Work order => Search the records below for "Комплектации автомобилей МАЗ-5550V3, МАЗ-5550V5". Return that line and all remaining lines exactly.

Records from a data source
■ ■ ■

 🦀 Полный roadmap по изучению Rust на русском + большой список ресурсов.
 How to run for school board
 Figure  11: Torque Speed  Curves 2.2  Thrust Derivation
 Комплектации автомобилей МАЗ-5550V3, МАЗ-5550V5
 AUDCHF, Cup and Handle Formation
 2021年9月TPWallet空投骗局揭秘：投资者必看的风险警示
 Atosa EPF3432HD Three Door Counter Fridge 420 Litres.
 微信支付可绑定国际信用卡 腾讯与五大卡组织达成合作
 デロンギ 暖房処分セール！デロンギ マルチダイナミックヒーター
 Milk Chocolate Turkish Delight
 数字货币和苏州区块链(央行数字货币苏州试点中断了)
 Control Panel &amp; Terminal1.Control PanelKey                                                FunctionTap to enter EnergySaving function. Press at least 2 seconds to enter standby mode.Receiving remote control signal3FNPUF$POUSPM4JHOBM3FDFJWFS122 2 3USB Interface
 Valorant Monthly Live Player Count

■ ■ ■

Answer box =>
 Комплектации автомобилей МАЗ-5550V3, МАЗ-5550V5
 AUDCHF, Cup and Handle Formation
 2021年9月TPWallet空投骗局揭秘：投资者必看的风险警示
 Atosa EPF3432HD Three Door Counter Fridge 420 Litres.
 微信支付可绑定国际信用卡 腾讯与五大卡组织达成合作
 デロンギ 暖房処分セール！デロンギ マルチダイナミックヒーター
 Milk Chocolate Turkish Delight
 数字货币和苏州区块链(央行数字货币苏州试点中断了)
 Control Panel &amp; Terminal1.Control PanelKey                                                FunctionTap to enter EnergySaving function. Press at least 2 seconds to enter standby mode.Receiving remote control signal3FNPUF$POUSPM4JHOBM3FDFJWFS122 2 3USB Interface
 Valorant Monthly Live Player Count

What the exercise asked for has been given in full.